Christian Pascual, a 25-year-old UC Davis graduate, was driving a 1996 Infiniti on Fifth Street just before 7 p.m. when another vehicle hit his car and sent Pascual out of control and crashing into a third vehicle, he told the Sacramento Bee Friday morning.
Pascual got out of his vehicle to exchange information with the other drivers as Corona arrived and began talking to the drivers.
“I gave her my license and she was just about to give it to me,” Pascual said. “That’s when I heard the shots.”
He said the shots came from directly behind him, with the gunman firing over his right shoulder so close to his ear that he was suffering from hearing loss Friday morning.
“The person was behind me and all of a sudden I heard gunshots,” he said. Pascual added that he did not believe the gunman was one of the drivers involved in the collision and appeared to be a bystander.
He said that when he heard the shots he instinctively ducked down.
“When I looked up and I saw the officer on the ground he was already walking due west toward C Street, like just shooting at what looked like random people to me,” Pascual said, adding that he knew then he had to flee.
“I just knew that I had to get out of there once I saw the gun and what was happening,” he said. “I count myself pretty lucky that he didn’t think of me.”
Pascual, now a graduate student at Columbia University in New York, said he was on his way to the UC Davis campus to visit friends when the incident began, and that after he saw Corona shot he ran down D Street and hid in some bushes.
His harrowing tale came as authorities continued to investigate why the gunman opened fire. The identity of the suspect, who officers say shot himself to death inside a nearby home after being surrounded by police, was not released by mid-morning Friday, although authorities know who the man was.

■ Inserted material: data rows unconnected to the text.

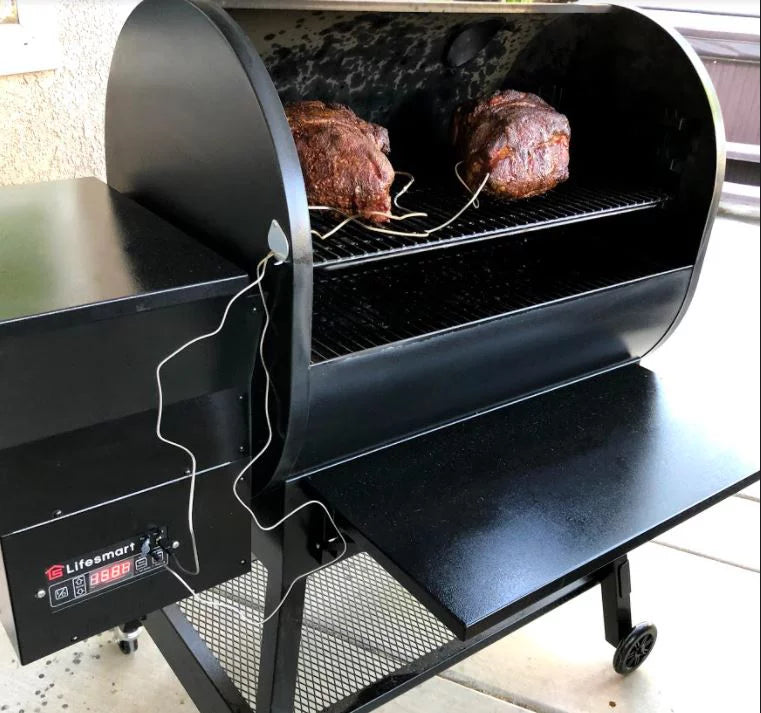 2000 Square Inch Pellet Grill and Smoker with Dual Meat Probes D308037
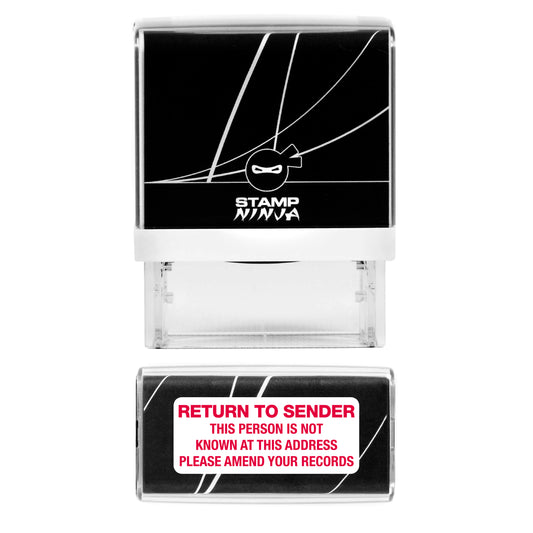 Return to Sender Stamp - Self Inking - 37mm x 12mm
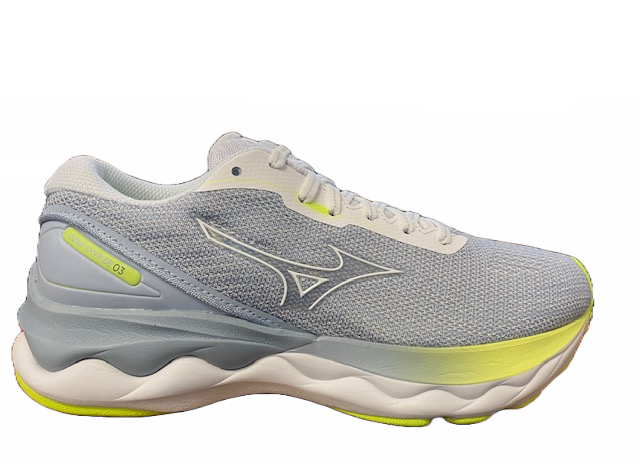 Mizuno Wave Skyrise 3 J1GD220901 Scarpe Running Donna White Turquoise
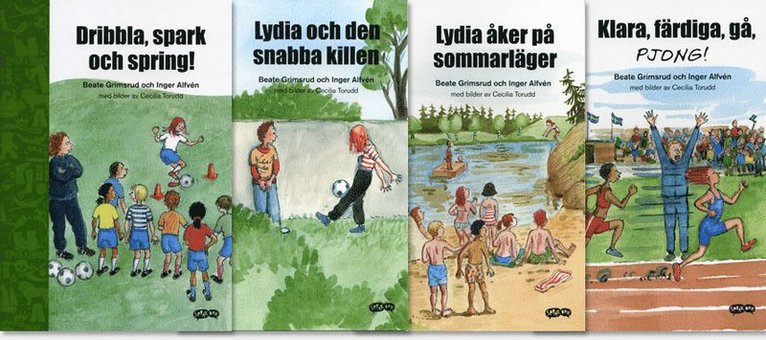 Inger Alfvén, Beate Grimsrud - Lydia – paket (4 titlar), Häftad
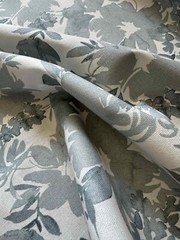 Zinnia Floral in Shy Blue – Premier Prints Cotton Canvas Fabric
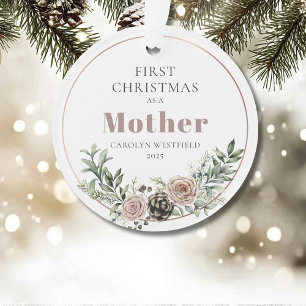 Adorno Primera Navidad como Madre Nombre Año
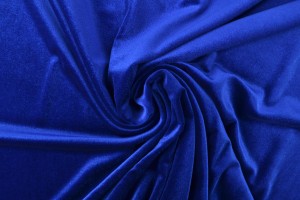 fluweel stretch 28 donkerblauw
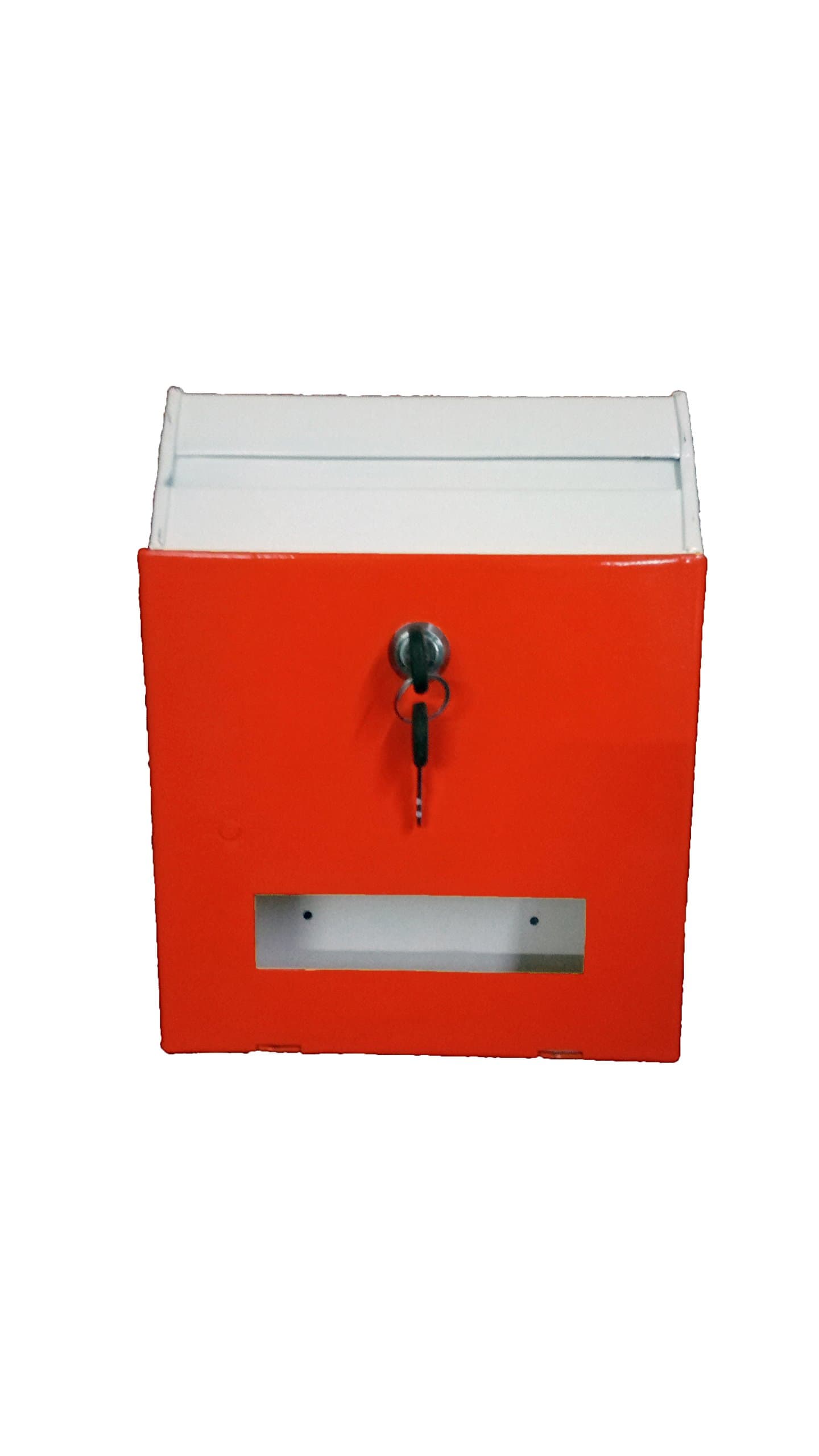 Ammarsons® Spring Metal Big Letter Box/Mail Box/Office Box/ in Red Ivory Colour | Powder Coated | Made in India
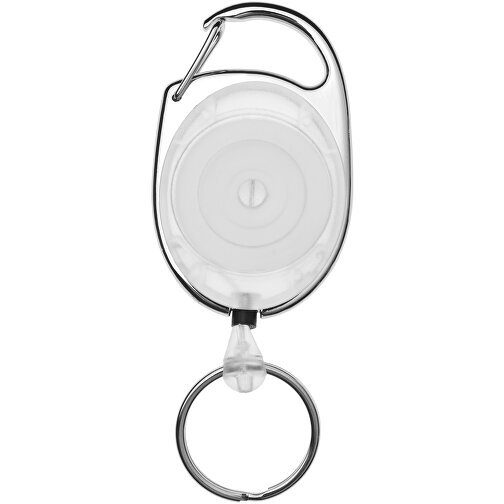 Gerlos Schlüsselkette Mit Rollerclip , weiß, ABS Kunststoff, 3,50cm x 6,50cm x 1,00cm (Länge x Höhe x Breite), Bild 7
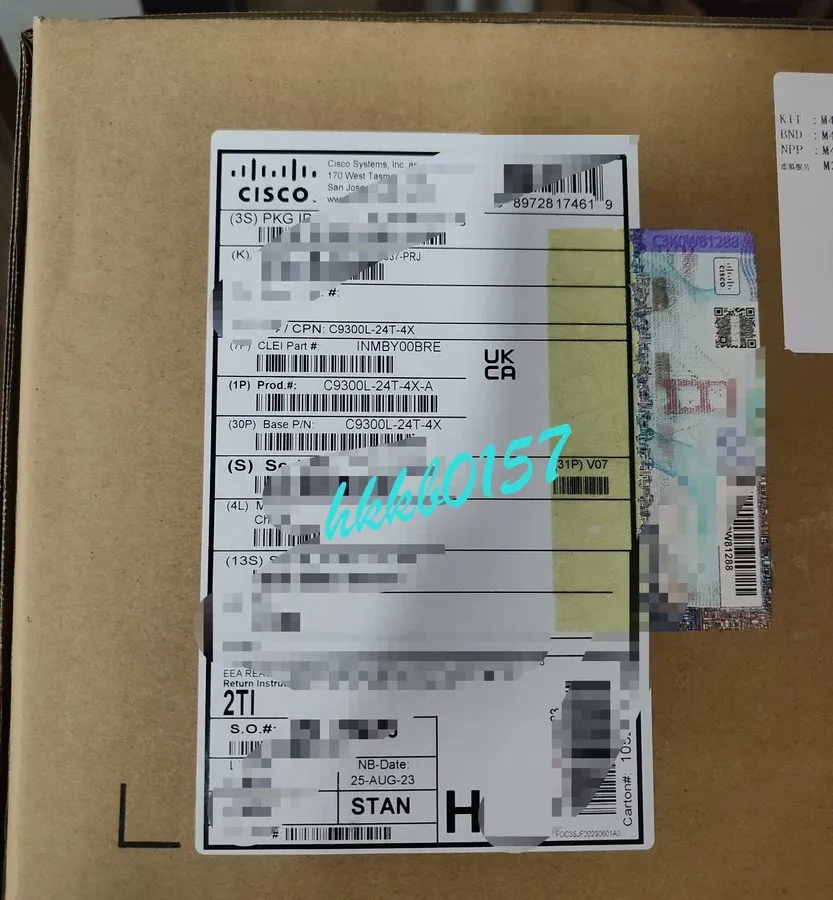Коммутатор Cisco Catalyst C9300L-24T-4X-A 24-Port Data Switch
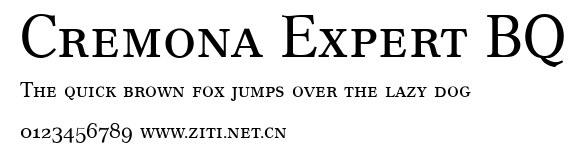 Cremona Expert BQ.ttf字體轉換器圖片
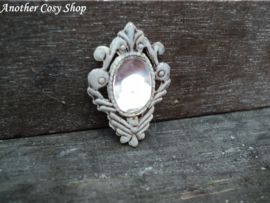 Dollhouse miniature mirror in 1" scale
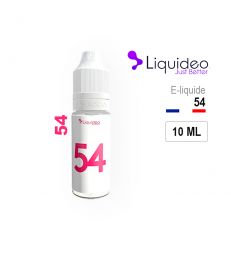 E-Liquide 54 10 ml Liquideo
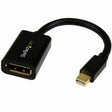 StarTech.com Mini DisplayPort to DisplayPort Adapter, 4K x 2K Video, Ultra HD Mini DP to DP Converter, mDP to DP 1.2 Adapter, Male/Female — MDP2DPMF6IN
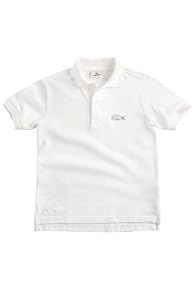 Boy's Short Sleeve Garment Dyed Oversized Croc Pique Polo With Tipping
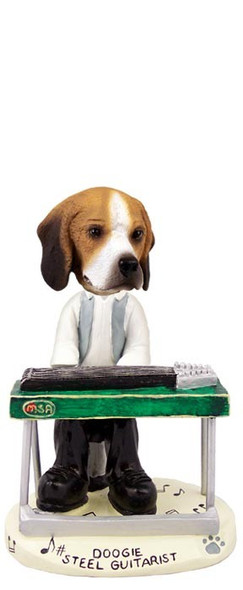 Beagle Steel Guitarist Doogie Collectible Dog Figurine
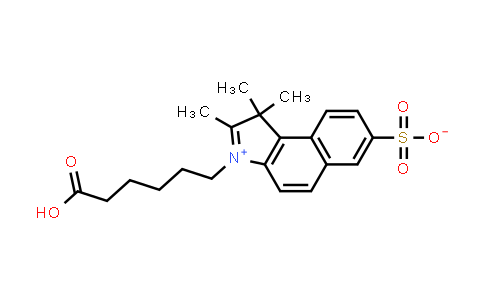 CAS No. 198422-86-5, 3-(5-Carboxypentyl)-1,1,2-trimethyl-1H-benzo[e]indol-3-ium-7-sulfonate
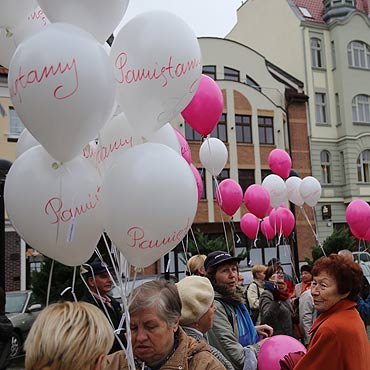 Baloniki poleciay w stron nieba. Zobacz film!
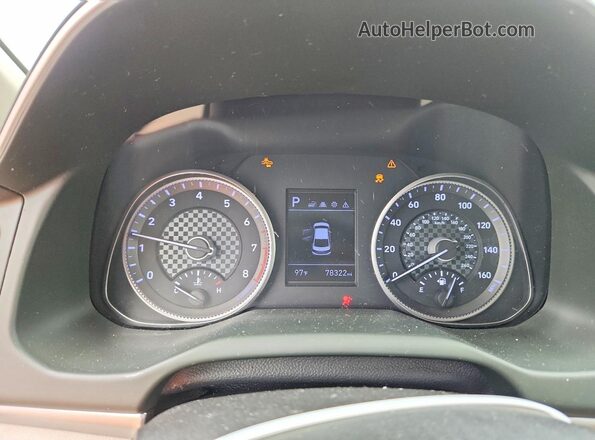 5NPD84LF6KH490208 2019 HYUNDAI ELANTRA White Widok zestawu wskaźników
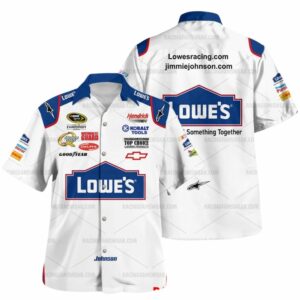 Jimmie Johnson Nascar Lowes 2010 Racing Uniform Hawaiian Shirt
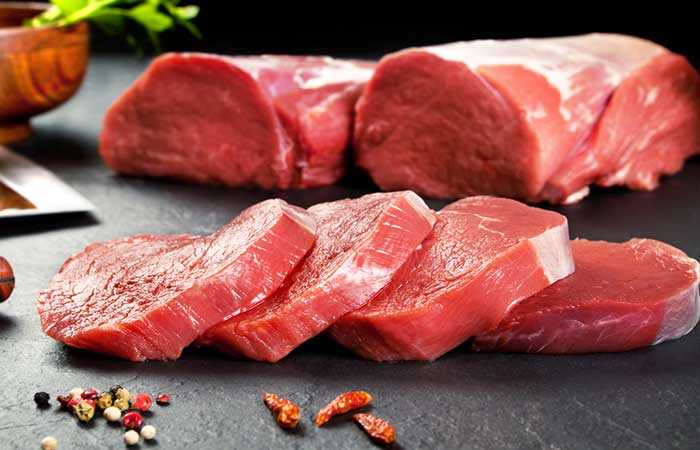 Meat is a hemoglobin-rich food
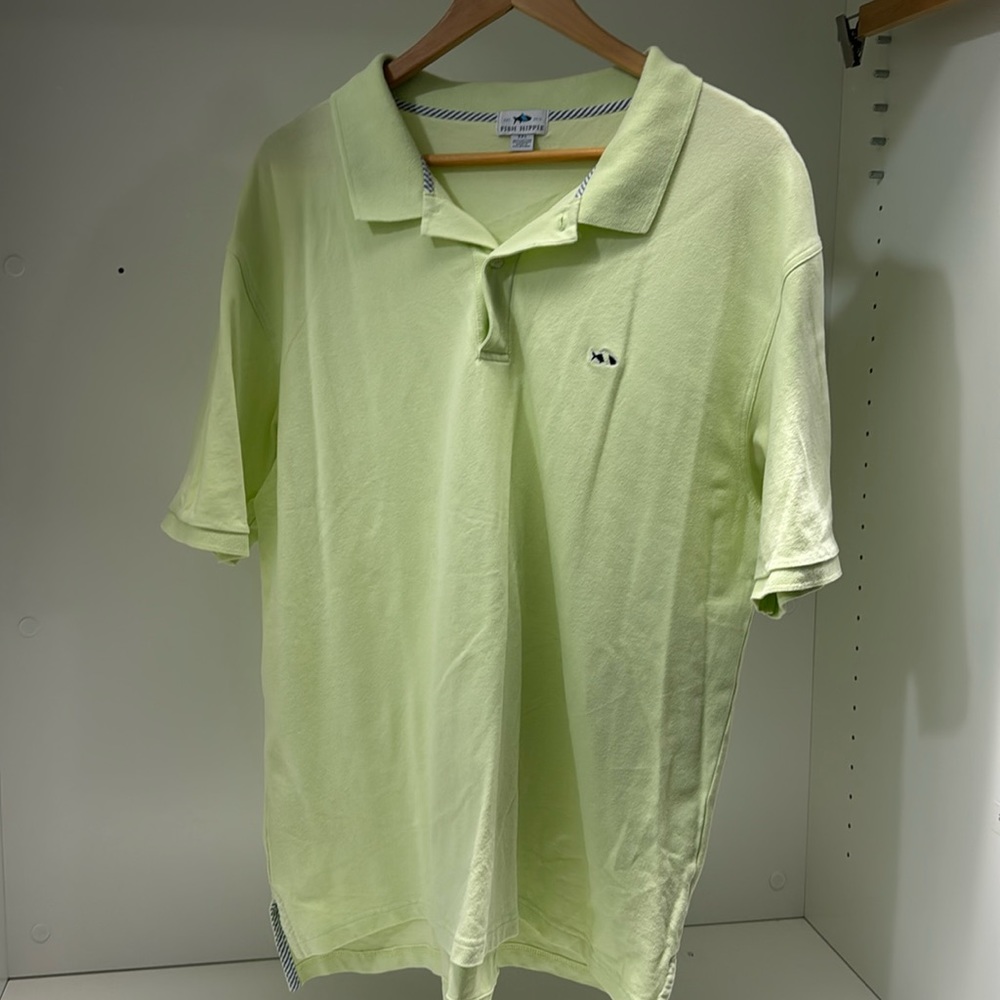 Fish hippie polo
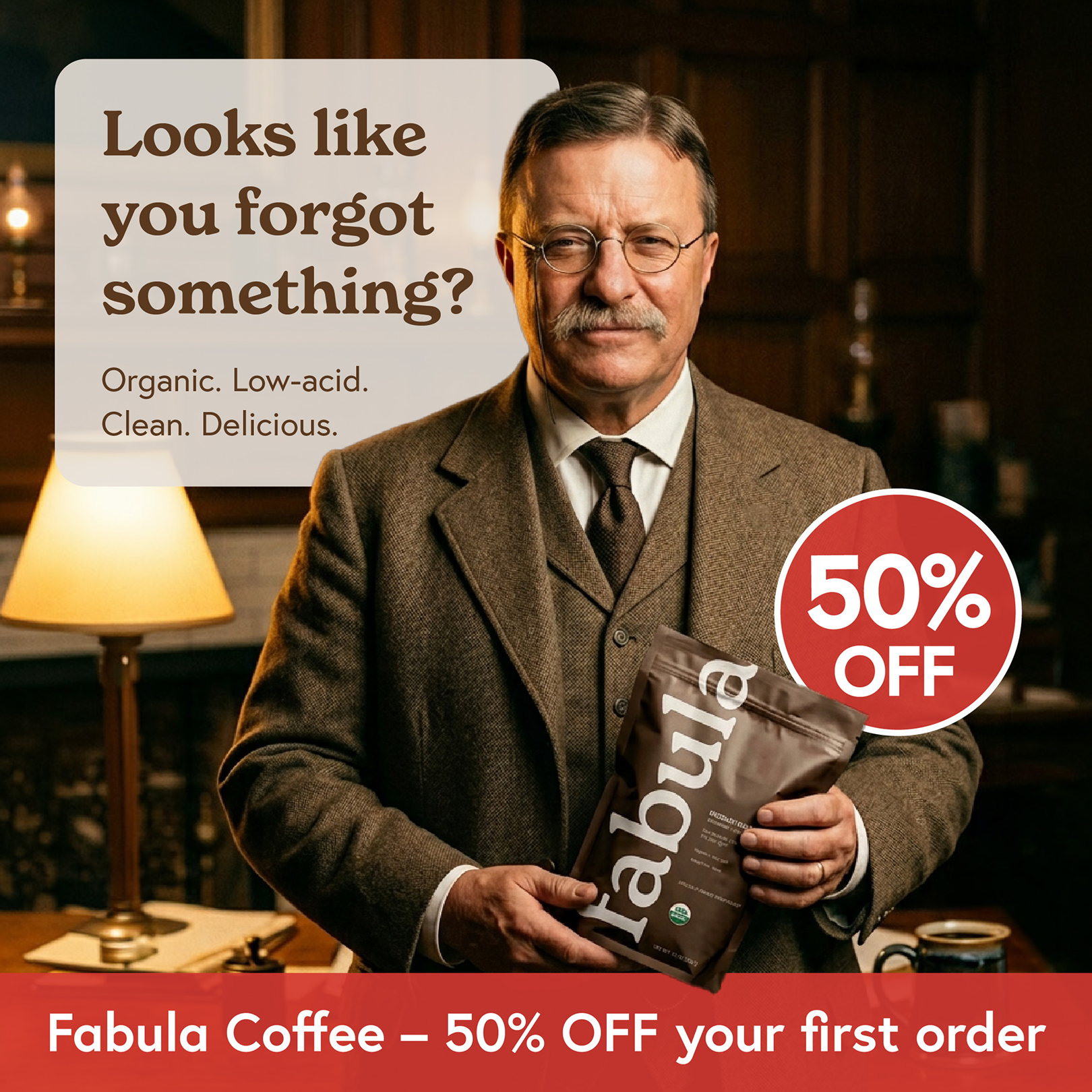 Fabula Coffee Facebook ad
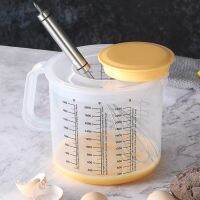 ℗♘ 2.5L Large Capacity Baking Measuring Cup Scale Mixing Bowl with Lid Transparent Plastic Mixing Cup for Home Kitchen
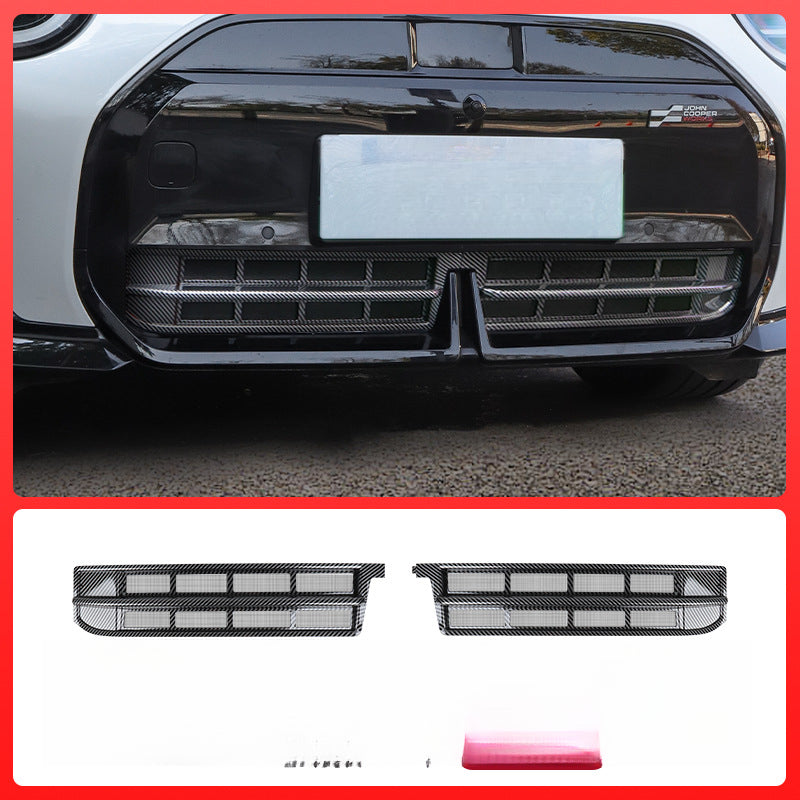 MINI J01 Front Grille Trim – Black Mesh Intake Vent Cover for EV Evfuns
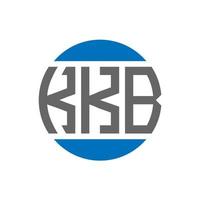 kkb lettera logo design su bianca sfondo. kkb creativo iniziali cerchio logo concetto. kkb lettera design. vettore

Davis police turned the shooting investigation over to the Sacramento Sheriff’s Department, which by Friday morning had 14 homicide detectives and crime scene investigators at the scene of Corona’s slaying and the home where the gunman apparently shot himself.
Sheriff’s Sgt. Shaun Hampton said Sacramento was called in to help because the department is much larger than the 61-member Davis Police Department and because of its experience with officer-involved shootings.
“Unfortunately, we’re no strangers to officers getting killed in the line of duty,” Hampton said, referring to the fact that three Sacramento deputies have been shot to death on duty since 2014.
Some downtown Davis streets remained closed off Friday as investigators tried to piece together what sparked the shooting, which began just before 7 p.m. after Corona responded to a report of a three-car collision.
Corona, 22, is the first Davis officer killed in the line of duty since 1959, and Gov. Gavin Newsom issued a statement Friday mourning her loss.
“Jennifer and I are terribly saddened to learn of the death of Officer Corona,” the governor’s statement said. “Officer Corona was protecting her community from harm when she was tragically shot in the line of duty.
“Despite the valiant efforts of paramedics who rushed her to the hospital, and UC Davis Medical Center personnel, she succumbed to her injuries.”